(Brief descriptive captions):

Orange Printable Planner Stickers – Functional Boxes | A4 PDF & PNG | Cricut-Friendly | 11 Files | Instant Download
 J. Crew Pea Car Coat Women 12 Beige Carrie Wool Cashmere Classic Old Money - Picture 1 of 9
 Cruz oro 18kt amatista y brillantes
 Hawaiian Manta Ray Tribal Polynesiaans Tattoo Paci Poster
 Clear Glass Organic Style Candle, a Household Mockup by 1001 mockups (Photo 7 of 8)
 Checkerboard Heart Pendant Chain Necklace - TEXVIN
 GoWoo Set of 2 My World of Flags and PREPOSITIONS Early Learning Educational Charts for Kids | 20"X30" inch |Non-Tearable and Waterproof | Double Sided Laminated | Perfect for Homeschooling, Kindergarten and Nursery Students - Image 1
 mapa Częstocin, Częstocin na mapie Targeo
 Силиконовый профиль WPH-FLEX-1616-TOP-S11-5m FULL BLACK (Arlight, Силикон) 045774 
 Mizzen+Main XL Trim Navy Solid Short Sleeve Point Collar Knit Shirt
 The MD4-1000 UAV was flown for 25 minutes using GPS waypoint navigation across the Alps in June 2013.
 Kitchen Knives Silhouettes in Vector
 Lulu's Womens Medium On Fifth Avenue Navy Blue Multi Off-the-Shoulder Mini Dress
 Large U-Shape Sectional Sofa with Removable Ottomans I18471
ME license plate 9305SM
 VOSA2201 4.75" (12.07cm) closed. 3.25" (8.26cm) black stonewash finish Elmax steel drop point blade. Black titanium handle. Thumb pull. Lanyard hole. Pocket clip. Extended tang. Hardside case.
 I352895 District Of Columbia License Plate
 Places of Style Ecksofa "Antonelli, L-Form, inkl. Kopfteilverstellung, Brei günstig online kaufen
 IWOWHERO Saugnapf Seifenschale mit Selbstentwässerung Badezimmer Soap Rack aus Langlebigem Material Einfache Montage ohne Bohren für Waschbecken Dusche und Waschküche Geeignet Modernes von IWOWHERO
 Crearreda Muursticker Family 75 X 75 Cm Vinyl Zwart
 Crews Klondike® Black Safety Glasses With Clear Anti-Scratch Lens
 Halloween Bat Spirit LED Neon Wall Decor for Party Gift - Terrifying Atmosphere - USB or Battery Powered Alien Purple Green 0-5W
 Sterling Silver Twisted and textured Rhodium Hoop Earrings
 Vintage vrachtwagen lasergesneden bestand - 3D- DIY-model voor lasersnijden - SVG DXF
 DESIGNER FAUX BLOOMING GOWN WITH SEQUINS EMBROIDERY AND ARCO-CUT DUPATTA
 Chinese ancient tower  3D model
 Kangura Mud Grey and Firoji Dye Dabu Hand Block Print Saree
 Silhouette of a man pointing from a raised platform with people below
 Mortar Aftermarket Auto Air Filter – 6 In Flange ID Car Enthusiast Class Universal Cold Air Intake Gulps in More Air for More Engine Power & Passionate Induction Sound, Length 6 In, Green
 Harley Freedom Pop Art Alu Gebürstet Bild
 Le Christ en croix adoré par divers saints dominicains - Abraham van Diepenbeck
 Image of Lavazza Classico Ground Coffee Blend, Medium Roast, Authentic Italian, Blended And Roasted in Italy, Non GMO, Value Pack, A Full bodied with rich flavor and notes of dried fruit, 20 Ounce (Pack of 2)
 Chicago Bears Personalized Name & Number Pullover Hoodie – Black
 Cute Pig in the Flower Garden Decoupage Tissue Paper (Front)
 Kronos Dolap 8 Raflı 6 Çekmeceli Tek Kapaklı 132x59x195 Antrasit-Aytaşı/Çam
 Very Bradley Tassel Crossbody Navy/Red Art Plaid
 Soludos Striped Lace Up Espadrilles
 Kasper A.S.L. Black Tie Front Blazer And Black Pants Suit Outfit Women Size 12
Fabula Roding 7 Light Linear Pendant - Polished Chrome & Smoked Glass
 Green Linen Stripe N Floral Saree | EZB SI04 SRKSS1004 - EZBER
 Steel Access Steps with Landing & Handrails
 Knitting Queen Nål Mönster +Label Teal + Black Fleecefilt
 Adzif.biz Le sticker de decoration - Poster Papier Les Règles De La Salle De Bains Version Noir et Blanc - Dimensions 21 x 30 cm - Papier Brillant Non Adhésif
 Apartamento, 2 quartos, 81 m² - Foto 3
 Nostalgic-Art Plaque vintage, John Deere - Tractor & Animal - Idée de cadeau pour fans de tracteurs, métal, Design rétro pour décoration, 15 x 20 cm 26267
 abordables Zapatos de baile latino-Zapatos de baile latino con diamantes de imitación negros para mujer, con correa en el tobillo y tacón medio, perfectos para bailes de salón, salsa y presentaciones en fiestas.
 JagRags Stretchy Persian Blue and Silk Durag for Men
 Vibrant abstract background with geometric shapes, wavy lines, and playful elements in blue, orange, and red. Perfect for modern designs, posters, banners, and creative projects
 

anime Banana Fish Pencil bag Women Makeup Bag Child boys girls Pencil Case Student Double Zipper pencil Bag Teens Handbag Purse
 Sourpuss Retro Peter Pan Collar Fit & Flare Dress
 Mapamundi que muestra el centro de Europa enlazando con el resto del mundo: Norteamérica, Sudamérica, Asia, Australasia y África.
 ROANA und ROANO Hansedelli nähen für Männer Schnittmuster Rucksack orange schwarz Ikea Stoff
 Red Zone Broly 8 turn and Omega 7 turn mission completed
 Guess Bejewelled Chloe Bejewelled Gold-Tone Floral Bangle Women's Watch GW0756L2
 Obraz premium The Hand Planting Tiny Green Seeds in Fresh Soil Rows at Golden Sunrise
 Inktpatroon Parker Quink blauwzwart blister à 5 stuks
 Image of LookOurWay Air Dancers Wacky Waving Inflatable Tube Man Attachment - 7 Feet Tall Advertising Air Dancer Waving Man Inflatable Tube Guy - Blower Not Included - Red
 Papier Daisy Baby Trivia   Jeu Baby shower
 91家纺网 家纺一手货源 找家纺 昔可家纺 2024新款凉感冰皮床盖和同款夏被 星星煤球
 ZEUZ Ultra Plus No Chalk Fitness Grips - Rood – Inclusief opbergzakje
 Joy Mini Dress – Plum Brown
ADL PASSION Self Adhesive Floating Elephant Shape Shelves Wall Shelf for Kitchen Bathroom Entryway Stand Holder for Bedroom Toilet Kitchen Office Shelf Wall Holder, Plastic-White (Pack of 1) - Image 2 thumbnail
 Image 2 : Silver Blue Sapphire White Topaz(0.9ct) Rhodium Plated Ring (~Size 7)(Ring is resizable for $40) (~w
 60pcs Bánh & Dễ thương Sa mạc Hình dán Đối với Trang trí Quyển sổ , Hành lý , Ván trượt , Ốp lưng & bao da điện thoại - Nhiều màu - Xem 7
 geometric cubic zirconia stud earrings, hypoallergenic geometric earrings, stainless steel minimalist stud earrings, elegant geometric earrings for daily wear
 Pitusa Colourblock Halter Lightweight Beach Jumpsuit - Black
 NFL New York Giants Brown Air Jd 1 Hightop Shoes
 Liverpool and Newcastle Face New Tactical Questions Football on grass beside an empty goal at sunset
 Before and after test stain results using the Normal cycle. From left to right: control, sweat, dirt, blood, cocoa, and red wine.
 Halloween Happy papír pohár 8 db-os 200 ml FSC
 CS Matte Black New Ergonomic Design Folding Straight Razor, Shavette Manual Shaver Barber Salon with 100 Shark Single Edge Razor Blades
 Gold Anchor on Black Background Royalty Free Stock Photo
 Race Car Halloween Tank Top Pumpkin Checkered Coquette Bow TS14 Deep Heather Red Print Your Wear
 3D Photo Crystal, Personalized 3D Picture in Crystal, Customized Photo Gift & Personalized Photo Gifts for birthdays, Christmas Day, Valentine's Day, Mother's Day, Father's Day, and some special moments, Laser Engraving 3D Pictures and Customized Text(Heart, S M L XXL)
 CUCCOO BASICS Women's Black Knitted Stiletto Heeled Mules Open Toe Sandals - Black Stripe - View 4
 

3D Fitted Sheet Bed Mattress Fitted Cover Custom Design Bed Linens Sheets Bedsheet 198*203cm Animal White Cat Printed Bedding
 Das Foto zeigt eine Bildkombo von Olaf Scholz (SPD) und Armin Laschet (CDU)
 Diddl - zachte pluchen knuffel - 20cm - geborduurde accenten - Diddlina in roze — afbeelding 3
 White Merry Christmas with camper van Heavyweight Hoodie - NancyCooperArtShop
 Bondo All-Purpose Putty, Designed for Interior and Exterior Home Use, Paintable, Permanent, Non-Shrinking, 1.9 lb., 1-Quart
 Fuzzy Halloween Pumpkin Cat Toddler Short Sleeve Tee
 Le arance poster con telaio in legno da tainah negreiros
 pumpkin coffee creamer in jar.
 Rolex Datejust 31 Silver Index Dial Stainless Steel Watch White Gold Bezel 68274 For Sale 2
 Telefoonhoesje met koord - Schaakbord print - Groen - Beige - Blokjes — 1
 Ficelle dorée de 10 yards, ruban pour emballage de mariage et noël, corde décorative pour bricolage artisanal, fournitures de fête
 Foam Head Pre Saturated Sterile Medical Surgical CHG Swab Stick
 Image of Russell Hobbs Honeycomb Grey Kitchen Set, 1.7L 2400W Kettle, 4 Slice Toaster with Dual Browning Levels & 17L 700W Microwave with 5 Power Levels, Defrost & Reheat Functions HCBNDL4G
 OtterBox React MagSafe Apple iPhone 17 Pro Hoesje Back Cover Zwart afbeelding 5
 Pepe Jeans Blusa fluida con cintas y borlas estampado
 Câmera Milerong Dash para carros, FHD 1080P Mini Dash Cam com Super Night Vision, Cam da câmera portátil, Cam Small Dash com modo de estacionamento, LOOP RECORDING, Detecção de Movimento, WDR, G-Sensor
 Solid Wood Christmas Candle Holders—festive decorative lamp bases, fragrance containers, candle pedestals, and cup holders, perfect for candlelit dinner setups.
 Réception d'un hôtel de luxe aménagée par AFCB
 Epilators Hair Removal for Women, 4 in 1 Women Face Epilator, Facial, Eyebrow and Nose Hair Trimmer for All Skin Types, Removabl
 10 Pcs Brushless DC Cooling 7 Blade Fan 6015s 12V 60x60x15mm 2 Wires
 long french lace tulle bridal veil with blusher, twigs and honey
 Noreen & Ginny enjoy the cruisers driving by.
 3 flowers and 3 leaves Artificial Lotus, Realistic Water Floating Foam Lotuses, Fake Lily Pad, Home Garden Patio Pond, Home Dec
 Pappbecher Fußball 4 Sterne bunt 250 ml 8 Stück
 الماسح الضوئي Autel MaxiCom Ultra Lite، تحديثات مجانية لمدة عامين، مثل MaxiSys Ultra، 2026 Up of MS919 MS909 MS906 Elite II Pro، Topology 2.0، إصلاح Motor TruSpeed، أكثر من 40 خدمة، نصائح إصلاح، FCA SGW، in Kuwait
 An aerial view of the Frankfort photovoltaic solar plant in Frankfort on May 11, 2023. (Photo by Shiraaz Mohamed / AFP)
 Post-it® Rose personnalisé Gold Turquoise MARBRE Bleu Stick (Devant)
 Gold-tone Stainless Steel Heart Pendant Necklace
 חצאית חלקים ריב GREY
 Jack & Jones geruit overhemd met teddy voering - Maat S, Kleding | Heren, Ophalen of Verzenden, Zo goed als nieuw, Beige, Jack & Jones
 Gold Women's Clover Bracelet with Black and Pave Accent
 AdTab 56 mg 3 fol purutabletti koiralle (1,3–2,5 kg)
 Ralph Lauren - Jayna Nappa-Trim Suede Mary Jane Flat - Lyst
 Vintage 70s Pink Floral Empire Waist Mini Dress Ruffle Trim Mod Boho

(INSTRUCTIONS FOR THE TASK): Look for the word "Photo". Copy out every line of the data that has it.

(PROBLEM SOLUTION):
 Clear Glass Organic Style Candle, a Household Mockup by 1001 mockups (Photo 7 of 8)
 Gold Anchor on Black Background Royalty Free Stock Photo
 3D Photo Crystal, Personalized 3D Picture in Crystal, Customized Photo Gift & Personalized Photo Gifts for birthdays, Christmas Day, Valentine's Day, Mother's Day, Father's Day, and some special moments, Laser Engraving 3D Pictures and Customized Text(Heart, S M L XXL)
 An aerial view of the Frankfort photovoltaic solar plant in Frankfort on May 11, 2023. (Photo by Shiraaz Mohamed / AFP)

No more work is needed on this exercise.